### TASK PROMPT
Scan the data below. Pull out each line where "album" occurs.

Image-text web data
----------
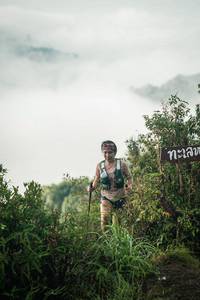 BIB: 
                            <button type="button" onclick="openModal(26307848)" class="btn btn-primary btn-sm float-right btn-popup" data-toggle="modal" data-target=".modal-high-quality">
                        <i class="fas fa-shopping-cart"></i> Add to Cart
                    </button>
                                            <button type="button" onclick="isThisMe(26307848, true)" class="btn btn-success btn-sm float-right btn-popup btn-isme hidden" data-toggle="tooltip" data-placement="bottom" title="นี่คือรูปของคุณใช่ไหม คลิกที่นี่เพื่อเอาเข้าอัลบั้ม">
                        <i class="fas fa-plus"></i> Add to album
                    </button>
                    <button type="button" onclick="isThisMe(26307848, false)" class="btn btn-warning btn-sm float-right btn-popup btn-isnotme hidden">
                        <i class="fas fa-ban"></i> Remove from album
                    </button>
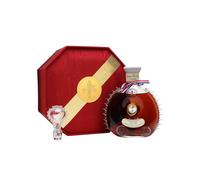 Remy Martin Louis XIII "Very Old" Cognac / Bot.1960s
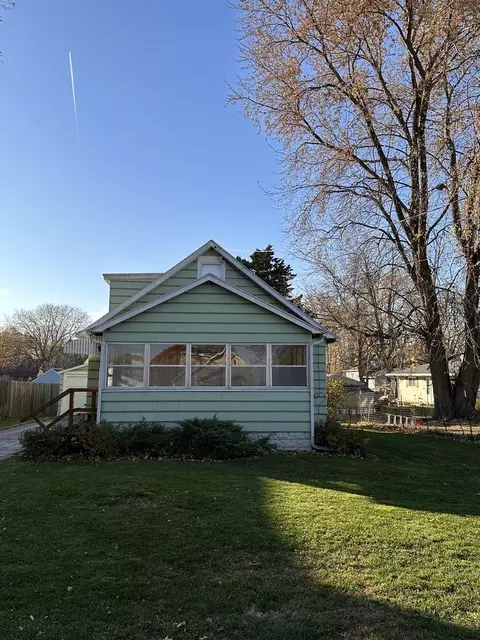 216 Ave E, Rock Falls, IL 61071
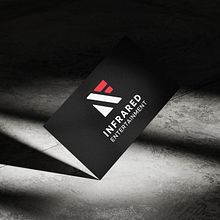 My project for course: Minimalist Logo Design With Personality. Design, Br, ing, Identit, Graphic Design, and Logo Design project by marcusmr19 - 04.10.2023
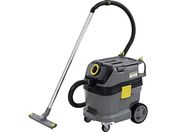 KARCHER/pN[i[ NT 30/1 Tact 1.148-208.0 1.148-208.0 NT30/1TACT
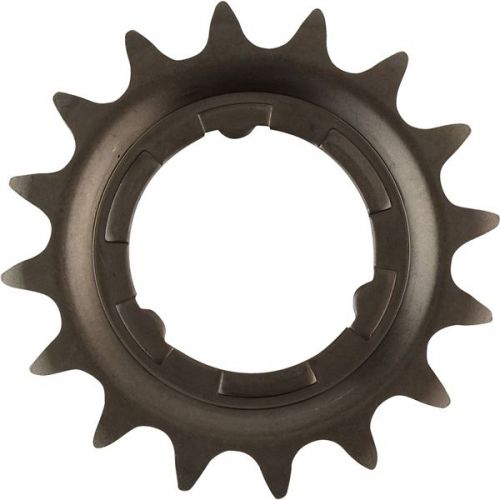 Chainring SM-GEAR Nexus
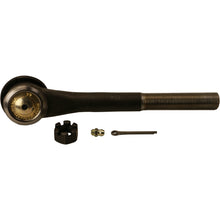 Load image into Gallery viewer, ES2374 Steering Tie Rod End MOOG Chassis Products Canada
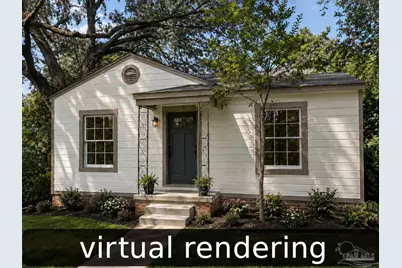 503 W Sunset Ave, Pensacola, FL 32507 - Photo 1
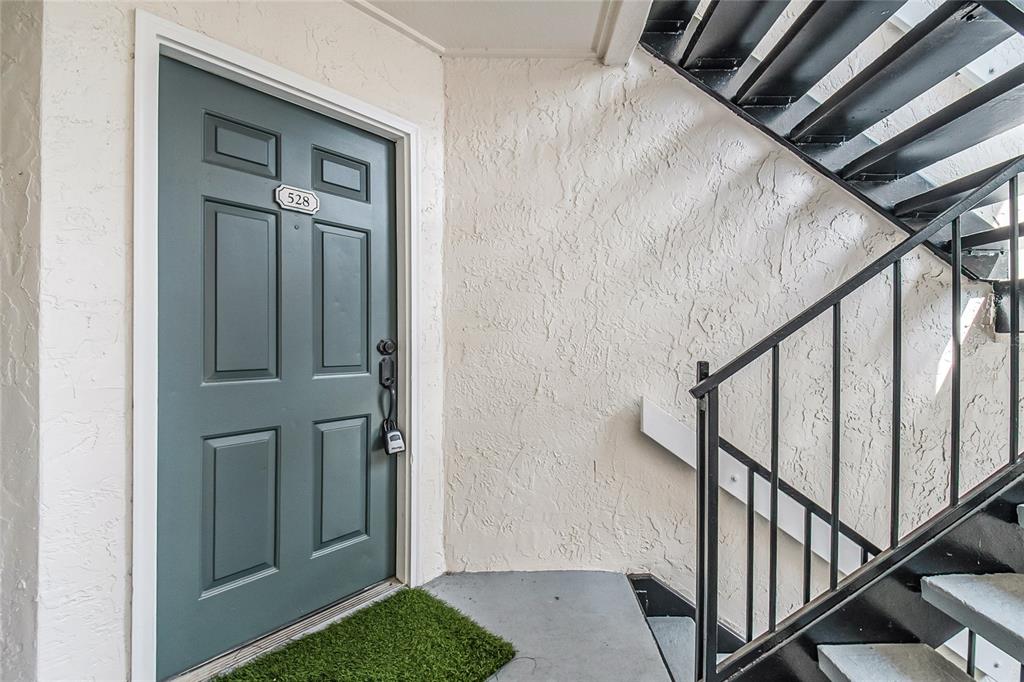 5120 Conroy Road, Unit 28 Orlando, FL 32811 - Photo 41 of 42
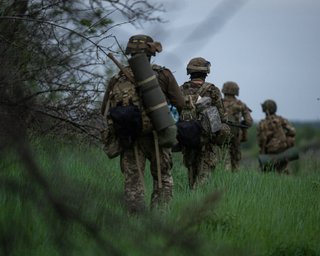 Україна не обговорює "обмежене перемир"я" з РФ, — ЗМІ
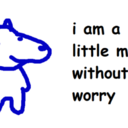 bryantsthoughts-blog avatar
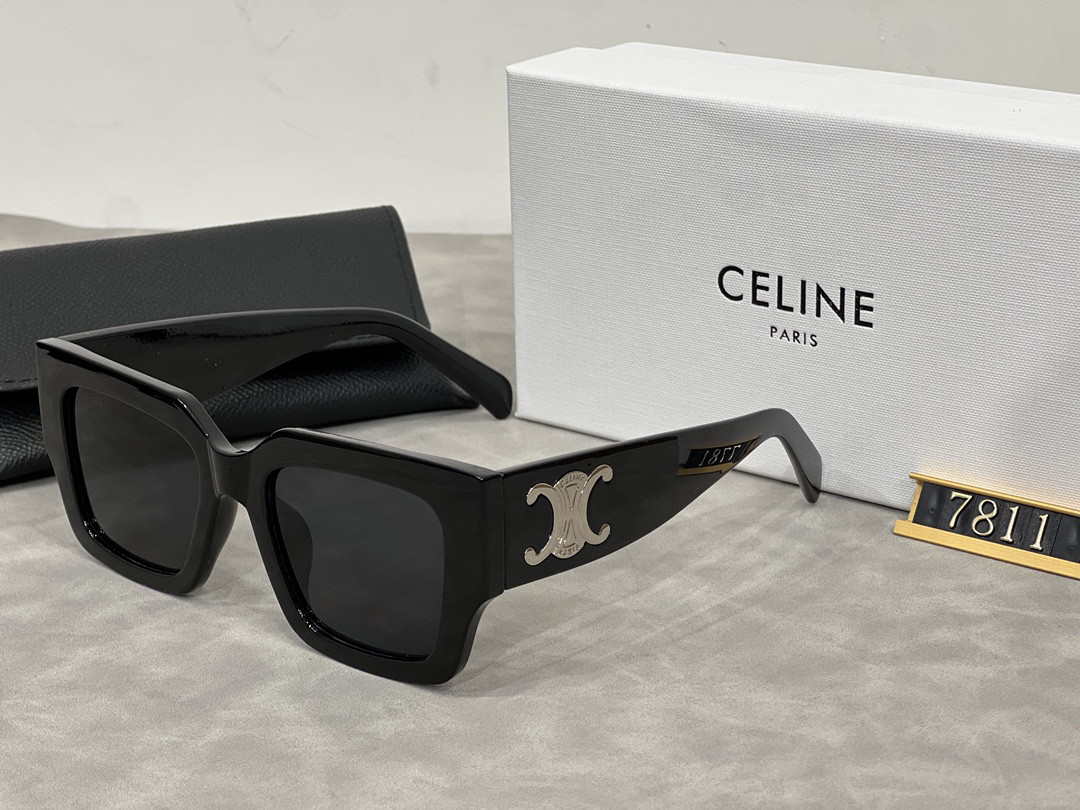 celine glasses-43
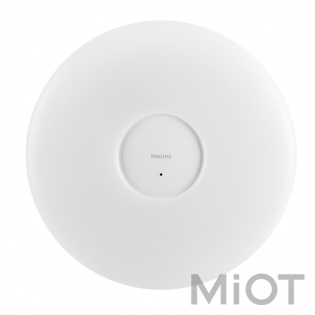 Стельова лампа Xiaomi Philips Wisdom Ceiling Lights 33 Вт
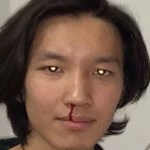 Profile Picture of commit harakiri (@teebs.doooh) on Instagram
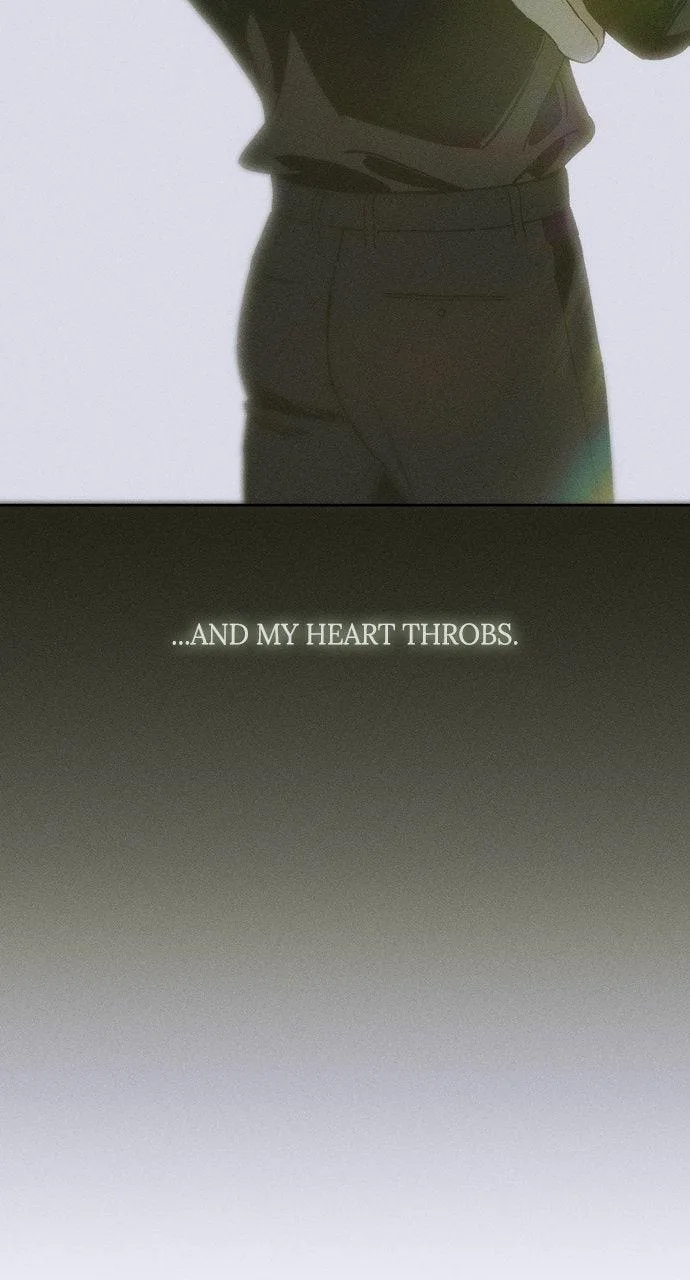 Tears on a Withered Flower Chapter 79 – Page 76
----------
### TASK RESULT
                        <i class="fas fa-plus"></i> Add to album
                        <i class="fas fa-ban"></i> Remove from album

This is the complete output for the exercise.